Write every record below out exactly; no images.
(Beginning of Provided data)
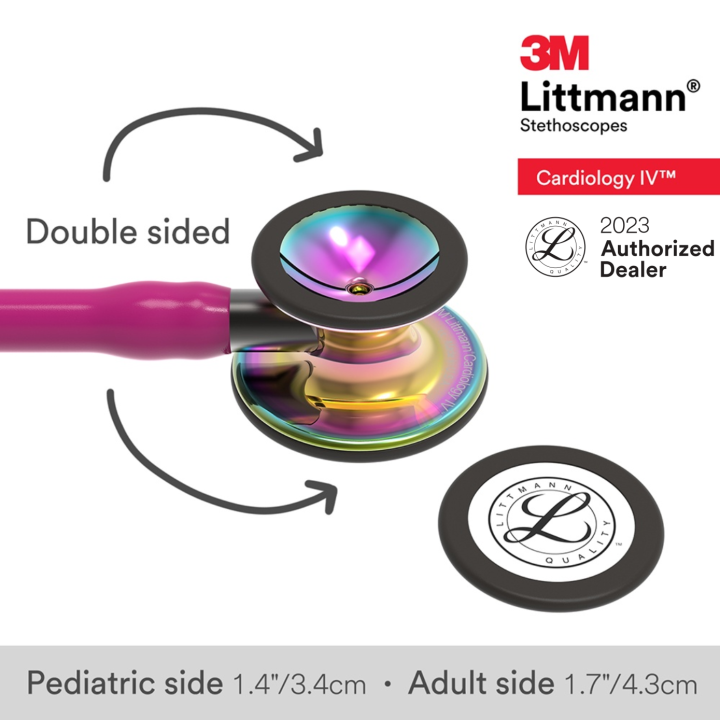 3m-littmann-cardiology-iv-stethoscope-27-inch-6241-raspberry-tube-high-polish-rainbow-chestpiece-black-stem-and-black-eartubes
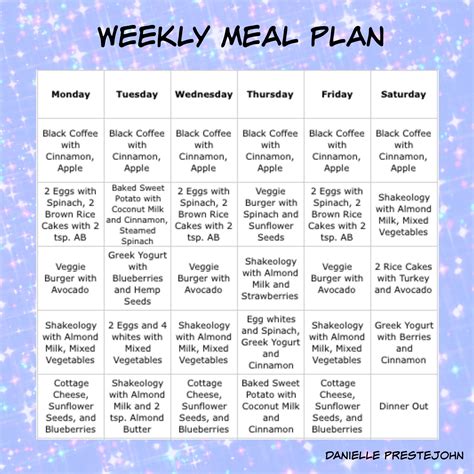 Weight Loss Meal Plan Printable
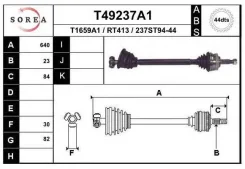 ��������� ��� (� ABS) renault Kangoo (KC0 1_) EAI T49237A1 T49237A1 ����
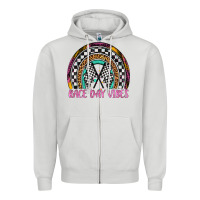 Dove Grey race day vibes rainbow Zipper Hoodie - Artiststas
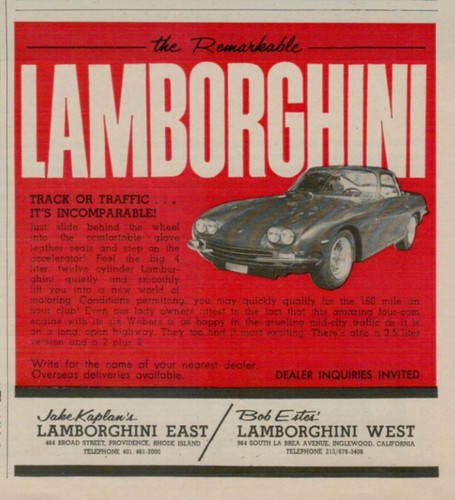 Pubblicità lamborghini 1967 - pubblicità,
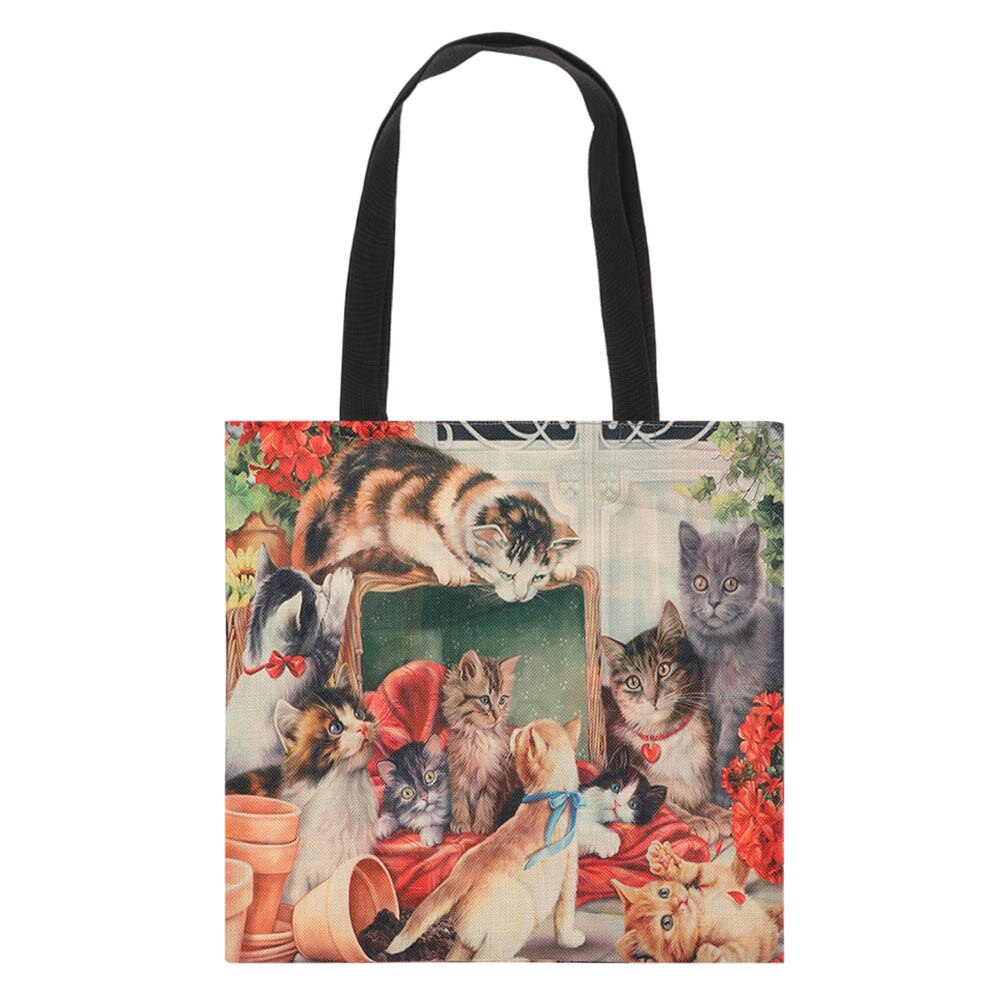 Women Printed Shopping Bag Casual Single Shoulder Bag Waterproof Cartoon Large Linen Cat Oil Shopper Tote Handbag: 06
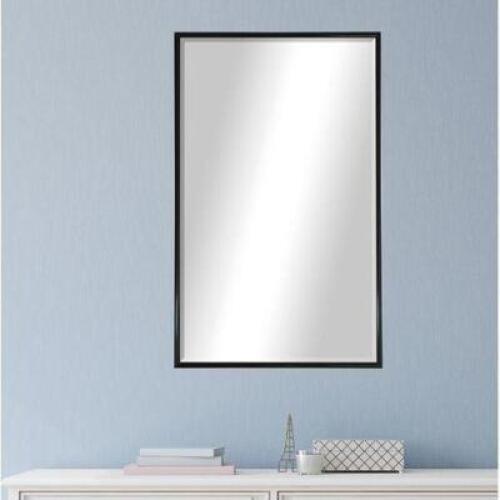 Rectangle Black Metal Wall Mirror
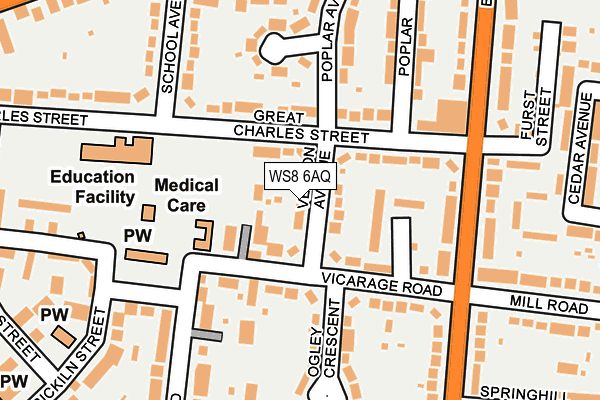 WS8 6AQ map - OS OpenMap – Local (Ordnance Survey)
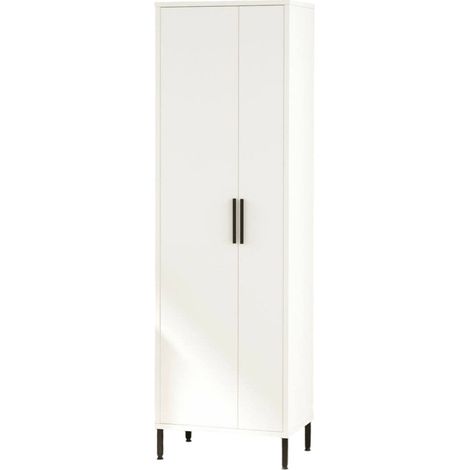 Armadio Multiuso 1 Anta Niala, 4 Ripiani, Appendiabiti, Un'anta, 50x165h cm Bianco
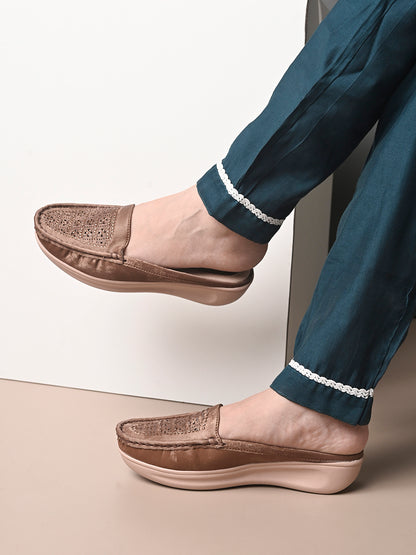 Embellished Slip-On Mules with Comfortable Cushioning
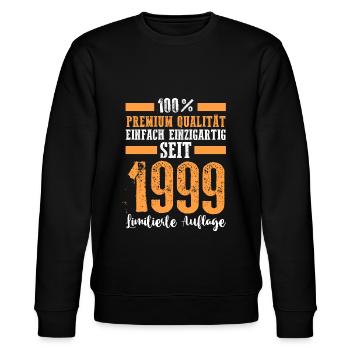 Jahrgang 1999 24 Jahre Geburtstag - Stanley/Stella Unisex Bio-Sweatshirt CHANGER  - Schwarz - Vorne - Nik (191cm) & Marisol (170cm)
(End of Provided data)
■ Response area ■
 3m-littmann-cardiology-iv-stethoscope-27-inch-6241-raspberry-tube-high-polish-rainbow-chestpiece-black-stem-and-black-eartubes
 Weight Loss Meal Plan Printable
 ��������� ��� (� ABS) renault Kangoo (KC0 1_) EAI T49237A1 T49237A1 ����
 Dove Grey race day vibes rainbow Zipper Hoodie - Artiststas
 Pubblicità lamborghini 1967 - pubblicità,
 Women Printed Shopping Bag Casual Single Shoulder Bag Waterproof Cartoon Large Linen Cat Oil Shopper Tote Handbag: 06
 Rectangle Black Metal Wall Mirror
 WS8 6AQ map - OS OpenMap – Local (Ordnance Survey)
 Armadio Multiuso 1 Anta Niala, 4 Ripiani, Appendiabiti, Un'anta, 50x165h cm Bianco
 Embellished Slip-On Mules with Comfortable Cushioning
 Jahrgang 1999 24 Jahre Geburtstag - Stanley/Stella Unisex Bio-Sweatshirt CHANGER  - Schwarz - Vorne - Nik (191cm) & Marisol (170cm)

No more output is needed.